A cena do sepulcro com o corpo de Jesus Cristo se abrindo e do seu interior sendo removido o sudário que cobre a imagem do Messias, transporta os fiéis para uma das passagens mais importantes da cristandade, renovando sua fé, pelo testemunho da ressurreição. E pelo semblante emocionado, visível nos católicos que participaram da celebração do descerramento do santo sepulcro, ontem, em Sabará, na Grande BH, a renovação se manteve. “A religiosidade da população de Sabará é muito latente. A comunidade se envolve muito com as celebrações, ajuda, produz e participa. Quando a ela acontece, nos sentimos muito parte daquilo e, por isso, a emoção aflora. E quem vem de fora parece também sentir esse ambiente de fé e de comunhão de todos nós que nascemos aqui”, considera José Bolzas de 75 anos, um dos organizadores do descerramento, celebrado pelo padre Rafael Rosário.

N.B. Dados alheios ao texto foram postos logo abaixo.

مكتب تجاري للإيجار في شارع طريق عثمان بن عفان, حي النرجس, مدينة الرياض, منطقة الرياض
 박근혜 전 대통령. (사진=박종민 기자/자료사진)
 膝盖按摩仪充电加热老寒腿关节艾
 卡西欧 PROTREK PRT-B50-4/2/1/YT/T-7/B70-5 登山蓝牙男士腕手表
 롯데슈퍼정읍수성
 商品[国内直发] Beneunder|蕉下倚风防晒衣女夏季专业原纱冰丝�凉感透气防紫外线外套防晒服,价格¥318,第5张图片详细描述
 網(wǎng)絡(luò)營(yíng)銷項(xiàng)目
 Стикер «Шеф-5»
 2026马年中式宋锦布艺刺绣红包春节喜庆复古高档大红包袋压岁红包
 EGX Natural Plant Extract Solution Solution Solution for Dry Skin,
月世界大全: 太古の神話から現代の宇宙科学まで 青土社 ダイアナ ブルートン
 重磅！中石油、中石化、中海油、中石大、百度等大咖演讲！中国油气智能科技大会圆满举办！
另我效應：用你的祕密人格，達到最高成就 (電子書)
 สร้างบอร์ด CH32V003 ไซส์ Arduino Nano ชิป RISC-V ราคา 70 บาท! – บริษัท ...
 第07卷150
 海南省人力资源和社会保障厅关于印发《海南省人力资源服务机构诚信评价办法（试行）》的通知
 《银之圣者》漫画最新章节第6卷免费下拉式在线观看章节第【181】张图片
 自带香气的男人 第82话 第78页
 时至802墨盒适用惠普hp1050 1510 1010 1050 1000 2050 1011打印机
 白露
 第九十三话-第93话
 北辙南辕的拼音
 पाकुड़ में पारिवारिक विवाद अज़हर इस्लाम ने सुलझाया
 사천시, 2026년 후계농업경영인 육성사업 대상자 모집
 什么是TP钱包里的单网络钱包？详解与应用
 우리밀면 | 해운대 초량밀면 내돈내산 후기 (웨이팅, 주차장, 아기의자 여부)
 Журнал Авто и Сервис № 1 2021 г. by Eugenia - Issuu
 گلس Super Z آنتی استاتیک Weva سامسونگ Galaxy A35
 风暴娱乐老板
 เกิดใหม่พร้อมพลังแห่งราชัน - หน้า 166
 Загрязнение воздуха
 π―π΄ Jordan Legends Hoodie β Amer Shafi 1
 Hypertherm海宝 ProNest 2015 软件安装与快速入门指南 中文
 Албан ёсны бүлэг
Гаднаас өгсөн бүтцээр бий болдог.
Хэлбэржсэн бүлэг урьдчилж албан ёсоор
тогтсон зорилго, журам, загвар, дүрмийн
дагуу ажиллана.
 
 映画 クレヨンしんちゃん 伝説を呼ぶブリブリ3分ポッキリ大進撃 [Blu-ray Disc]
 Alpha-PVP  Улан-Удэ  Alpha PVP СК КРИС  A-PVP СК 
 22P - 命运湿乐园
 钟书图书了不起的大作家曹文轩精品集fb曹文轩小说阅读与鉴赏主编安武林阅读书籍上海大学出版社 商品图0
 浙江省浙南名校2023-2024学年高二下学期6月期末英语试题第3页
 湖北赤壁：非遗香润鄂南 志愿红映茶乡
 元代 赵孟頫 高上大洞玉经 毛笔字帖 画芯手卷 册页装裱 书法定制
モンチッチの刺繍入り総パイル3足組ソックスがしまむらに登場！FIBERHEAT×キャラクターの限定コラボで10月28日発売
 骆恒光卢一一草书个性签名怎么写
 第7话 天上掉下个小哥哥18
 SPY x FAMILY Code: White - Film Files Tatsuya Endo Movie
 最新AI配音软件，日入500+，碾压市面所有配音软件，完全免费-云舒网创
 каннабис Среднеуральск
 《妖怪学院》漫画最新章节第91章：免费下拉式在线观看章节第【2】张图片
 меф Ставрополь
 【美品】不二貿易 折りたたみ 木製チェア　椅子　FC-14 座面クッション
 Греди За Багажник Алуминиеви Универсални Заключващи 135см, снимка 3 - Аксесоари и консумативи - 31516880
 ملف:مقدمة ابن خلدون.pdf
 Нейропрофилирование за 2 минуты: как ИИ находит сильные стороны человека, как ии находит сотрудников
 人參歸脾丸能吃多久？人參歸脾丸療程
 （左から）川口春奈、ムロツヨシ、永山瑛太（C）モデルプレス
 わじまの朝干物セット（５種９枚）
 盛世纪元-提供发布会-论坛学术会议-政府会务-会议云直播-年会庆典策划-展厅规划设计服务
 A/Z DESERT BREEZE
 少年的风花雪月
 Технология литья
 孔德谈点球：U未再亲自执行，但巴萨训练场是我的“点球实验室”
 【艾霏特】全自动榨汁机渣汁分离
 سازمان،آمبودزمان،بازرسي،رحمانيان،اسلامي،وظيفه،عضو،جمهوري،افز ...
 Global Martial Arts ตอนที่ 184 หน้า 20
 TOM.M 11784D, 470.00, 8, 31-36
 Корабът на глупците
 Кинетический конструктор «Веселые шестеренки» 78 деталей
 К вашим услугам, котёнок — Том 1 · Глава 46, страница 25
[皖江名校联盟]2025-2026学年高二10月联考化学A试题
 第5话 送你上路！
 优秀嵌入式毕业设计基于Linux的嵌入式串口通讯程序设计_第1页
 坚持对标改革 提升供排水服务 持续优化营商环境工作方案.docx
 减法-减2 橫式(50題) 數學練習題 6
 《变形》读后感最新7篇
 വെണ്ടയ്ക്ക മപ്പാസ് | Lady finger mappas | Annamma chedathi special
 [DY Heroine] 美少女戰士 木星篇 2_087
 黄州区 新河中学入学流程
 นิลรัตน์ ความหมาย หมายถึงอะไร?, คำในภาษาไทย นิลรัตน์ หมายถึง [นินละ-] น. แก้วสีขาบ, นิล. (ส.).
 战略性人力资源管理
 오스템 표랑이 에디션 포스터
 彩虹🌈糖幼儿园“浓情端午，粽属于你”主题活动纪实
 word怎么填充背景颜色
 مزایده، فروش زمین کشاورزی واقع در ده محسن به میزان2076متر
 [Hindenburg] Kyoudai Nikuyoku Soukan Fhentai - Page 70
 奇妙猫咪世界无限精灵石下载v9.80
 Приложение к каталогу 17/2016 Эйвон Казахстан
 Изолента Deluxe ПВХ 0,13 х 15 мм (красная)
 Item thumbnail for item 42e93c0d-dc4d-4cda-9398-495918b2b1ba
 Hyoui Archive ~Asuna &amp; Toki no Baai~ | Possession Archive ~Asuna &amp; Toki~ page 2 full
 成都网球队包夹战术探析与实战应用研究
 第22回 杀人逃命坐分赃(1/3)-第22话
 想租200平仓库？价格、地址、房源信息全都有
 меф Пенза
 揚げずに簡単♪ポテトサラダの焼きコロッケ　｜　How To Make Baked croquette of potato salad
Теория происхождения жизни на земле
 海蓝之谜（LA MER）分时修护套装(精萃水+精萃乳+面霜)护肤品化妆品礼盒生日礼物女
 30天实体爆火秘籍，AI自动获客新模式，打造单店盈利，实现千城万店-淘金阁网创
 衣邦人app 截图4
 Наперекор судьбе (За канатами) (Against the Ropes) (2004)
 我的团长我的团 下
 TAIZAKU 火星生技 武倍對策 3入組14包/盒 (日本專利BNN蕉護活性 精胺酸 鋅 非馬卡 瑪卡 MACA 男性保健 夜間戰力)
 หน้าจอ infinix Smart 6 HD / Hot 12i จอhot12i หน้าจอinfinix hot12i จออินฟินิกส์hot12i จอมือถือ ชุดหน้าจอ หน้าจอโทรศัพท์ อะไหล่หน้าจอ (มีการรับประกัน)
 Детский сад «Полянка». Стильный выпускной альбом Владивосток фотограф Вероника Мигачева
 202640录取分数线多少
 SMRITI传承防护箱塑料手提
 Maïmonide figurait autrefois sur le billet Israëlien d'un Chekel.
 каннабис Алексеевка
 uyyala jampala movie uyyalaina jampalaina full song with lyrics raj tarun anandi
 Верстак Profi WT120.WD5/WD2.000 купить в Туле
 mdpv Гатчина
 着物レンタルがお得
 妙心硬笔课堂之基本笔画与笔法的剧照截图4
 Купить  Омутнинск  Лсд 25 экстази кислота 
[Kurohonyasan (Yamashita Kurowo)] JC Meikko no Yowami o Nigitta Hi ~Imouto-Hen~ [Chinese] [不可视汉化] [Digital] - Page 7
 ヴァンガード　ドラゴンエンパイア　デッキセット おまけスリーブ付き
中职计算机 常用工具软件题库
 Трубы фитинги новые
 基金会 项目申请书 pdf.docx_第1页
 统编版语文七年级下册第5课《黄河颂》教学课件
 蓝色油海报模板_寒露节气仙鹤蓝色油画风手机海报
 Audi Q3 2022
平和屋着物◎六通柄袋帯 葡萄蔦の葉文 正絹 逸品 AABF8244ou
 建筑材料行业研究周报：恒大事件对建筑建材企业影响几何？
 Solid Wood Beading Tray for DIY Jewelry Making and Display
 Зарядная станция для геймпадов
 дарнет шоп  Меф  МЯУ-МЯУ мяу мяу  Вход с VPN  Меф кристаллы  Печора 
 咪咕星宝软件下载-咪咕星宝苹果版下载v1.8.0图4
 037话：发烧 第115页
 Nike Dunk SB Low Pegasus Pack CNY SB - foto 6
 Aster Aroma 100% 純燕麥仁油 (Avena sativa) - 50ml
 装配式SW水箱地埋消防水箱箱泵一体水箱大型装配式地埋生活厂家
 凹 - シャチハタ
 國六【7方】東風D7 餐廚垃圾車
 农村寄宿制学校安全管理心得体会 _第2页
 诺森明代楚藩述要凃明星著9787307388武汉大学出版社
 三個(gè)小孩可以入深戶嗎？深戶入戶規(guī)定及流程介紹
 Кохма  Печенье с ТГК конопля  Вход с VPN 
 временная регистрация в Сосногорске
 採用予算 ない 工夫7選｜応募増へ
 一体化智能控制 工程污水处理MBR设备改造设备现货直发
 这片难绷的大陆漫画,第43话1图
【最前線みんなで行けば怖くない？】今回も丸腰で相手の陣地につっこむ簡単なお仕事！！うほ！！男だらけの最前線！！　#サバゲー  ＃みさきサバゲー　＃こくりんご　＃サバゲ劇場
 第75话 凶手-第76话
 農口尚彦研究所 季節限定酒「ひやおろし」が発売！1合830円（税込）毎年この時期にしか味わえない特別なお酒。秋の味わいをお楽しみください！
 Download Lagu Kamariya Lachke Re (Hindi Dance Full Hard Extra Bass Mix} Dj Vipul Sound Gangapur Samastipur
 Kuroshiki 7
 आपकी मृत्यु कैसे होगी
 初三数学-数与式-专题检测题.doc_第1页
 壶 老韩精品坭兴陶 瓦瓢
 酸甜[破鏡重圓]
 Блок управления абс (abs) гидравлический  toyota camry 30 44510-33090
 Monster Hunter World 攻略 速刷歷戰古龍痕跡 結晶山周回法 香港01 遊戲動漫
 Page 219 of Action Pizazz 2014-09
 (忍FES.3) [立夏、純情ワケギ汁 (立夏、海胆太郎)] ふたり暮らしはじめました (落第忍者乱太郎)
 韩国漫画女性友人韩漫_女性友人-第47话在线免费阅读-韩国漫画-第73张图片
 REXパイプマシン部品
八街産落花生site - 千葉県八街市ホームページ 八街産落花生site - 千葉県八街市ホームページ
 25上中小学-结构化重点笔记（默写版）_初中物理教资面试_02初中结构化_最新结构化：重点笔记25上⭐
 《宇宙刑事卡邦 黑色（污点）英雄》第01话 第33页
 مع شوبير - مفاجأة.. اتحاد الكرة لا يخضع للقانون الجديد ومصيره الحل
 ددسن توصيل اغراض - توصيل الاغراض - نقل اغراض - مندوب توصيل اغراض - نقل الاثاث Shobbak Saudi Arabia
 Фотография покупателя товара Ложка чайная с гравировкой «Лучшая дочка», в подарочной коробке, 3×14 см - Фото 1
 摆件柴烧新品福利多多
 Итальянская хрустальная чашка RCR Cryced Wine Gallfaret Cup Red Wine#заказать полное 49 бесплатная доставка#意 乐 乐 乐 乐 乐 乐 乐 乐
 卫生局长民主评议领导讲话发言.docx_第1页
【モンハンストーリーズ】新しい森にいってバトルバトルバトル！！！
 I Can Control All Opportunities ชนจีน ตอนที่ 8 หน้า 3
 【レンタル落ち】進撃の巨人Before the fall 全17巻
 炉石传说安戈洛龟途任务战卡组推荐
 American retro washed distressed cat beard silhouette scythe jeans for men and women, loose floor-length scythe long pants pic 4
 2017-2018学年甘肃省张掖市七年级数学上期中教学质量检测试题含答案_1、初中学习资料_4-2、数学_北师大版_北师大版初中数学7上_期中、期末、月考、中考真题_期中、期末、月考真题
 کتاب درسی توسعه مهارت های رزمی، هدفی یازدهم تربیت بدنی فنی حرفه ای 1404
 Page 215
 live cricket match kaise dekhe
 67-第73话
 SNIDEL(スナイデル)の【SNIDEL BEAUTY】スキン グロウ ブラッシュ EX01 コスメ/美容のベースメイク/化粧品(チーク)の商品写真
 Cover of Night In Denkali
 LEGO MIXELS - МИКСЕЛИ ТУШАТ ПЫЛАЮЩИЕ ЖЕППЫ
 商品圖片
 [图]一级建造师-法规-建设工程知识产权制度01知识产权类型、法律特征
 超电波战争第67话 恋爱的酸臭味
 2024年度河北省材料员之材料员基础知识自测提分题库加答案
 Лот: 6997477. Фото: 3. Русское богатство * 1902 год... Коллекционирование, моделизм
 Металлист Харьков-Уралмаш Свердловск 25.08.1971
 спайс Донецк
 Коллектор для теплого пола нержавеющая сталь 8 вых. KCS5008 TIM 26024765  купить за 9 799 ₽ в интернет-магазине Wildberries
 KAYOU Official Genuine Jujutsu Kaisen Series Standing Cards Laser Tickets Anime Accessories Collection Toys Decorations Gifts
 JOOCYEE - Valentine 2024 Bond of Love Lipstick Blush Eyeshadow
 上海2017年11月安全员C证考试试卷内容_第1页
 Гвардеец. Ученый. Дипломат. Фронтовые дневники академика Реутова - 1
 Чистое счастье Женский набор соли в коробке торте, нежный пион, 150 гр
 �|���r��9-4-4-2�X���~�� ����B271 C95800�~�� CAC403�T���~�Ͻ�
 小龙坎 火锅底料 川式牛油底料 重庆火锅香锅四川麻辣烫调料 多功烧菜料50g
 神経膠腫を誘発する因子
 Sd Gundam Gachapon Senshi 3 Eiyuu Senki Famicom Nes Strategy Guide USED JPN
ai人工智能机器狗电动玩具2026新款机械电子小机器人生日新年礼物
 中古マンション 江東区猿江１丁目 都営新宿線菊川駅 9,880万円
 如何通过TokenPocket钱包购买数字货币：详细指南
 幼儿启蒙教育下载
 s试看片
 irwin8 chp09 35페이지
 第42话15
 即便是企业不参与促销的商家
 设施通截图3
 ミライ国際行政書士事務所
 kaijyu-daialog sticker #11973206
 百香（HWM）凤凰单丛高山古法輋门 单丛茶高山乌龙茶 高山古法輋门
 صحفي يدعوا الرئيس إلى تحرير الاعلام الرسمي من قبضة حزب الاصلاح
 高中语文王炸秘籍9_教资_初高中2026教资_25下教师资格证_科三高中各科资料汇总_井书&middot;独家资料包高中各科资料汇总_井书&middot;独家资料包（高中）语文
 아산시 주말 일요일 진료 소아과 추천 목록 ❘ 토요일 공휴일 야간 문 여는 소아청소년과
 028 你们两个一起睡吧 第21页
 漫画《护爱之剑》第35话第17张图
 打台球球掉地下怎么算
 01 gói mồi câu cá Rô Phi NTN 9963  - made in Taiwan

A tradição de abrir o sepulcro de Cristo na quinta-feira da semana santa, antes da data que marca a crucificação e morte de Jesus, praticamente só ocorre em Sabará. Uma história longa e que envolve os antepassados daquele povo há mais de 300 anos. Conta-se que, como os viajantes e tropeiros não podiam esperar até a sexta-feira da Paixão para ver a imagem, a celebração foi antecipada. Até hoje, as gerações que se sucedem se engajam nos trabalhos das da semana santa, garantindo que os mais novos também aprendam, gostem, valorizem e assumam esses deveres religiosos. Como o senhor José Bolzas, envolvido com os ritos desde a tenra idade. Tanto que nem se recorda das primeiras vezes que ajudou. “Cresci ajudando a fazer as comemorações da semana santa com meus pais e familiares. Minha família sempre fez parte da comissão de semana santa, e eu carregava as coisas pra lá e pra cá. Na organização mesmo, já estou há 50 anos”, conta o sabarense.
“A gente aqui em Sabará se envolve muito. Fazemos tapetes, festa do rosário, para Santo Antônio. Mas a semana santa é diferenciada. A abertura do sepulcro não tem em nenhum outro lugar por aqui. Por isso, as cerimônias são feitas com muito carinho. E as pessoas vêm com esse espírito da Páscoa dentro delas. Até quem é nascido aqui, mas mora fora, tenta vir para a cidade para assistir”, afirma.
Como de costume, o culto se iniciou ontem às 15h, com o ruído alto e brusco da matraca, um instrumento de madeira, que após um giro rápido emite o som cadenciado das plaquetas de madeira se batendo ritmadas. É um marco, o anúncio do início do sofrimento e do tormento de Jesus, na Igreja de São Francisco de Assis, no Centro Histórico da antiga Vila do Ouro imperial. Esse momento de fé simboliza o velório de Cristo, momento de vigília e conforto ao Senhor. A celebração não integra a programação oficial da Igreja católica, mas foi criada pelos sabarenses como forma de devoção.
Antes de ser morto, Jesus foi traído, pregado na cruz e ficou sozinho. Por isso, os católicos da cidade guardam esse momento com muito apreço e respeito, permanecendo silenciosos, em oração ao lado da imagem do corpo de Jesus. Essa vigília só termina às 18h de hoje. O descerramento do sepulcro precede a morte de Cristo, que pela história ocorre na sexta-feira. Por isso, o ato não integra as celebrações da semana santa na Igreja Católica.
E o ápice da cerimônia é mesmo a abertura do santo sepulcro e a retirada do manto branco que cobre a imagem de Cristo. O descerramento é seguido de palavras de conforto, pela oração do Pai-Nosso e por cânticos entoados em latim. Um manto preto desce do alto da igreja bicentenária, trazendo uma atmosfera sagrada no altar.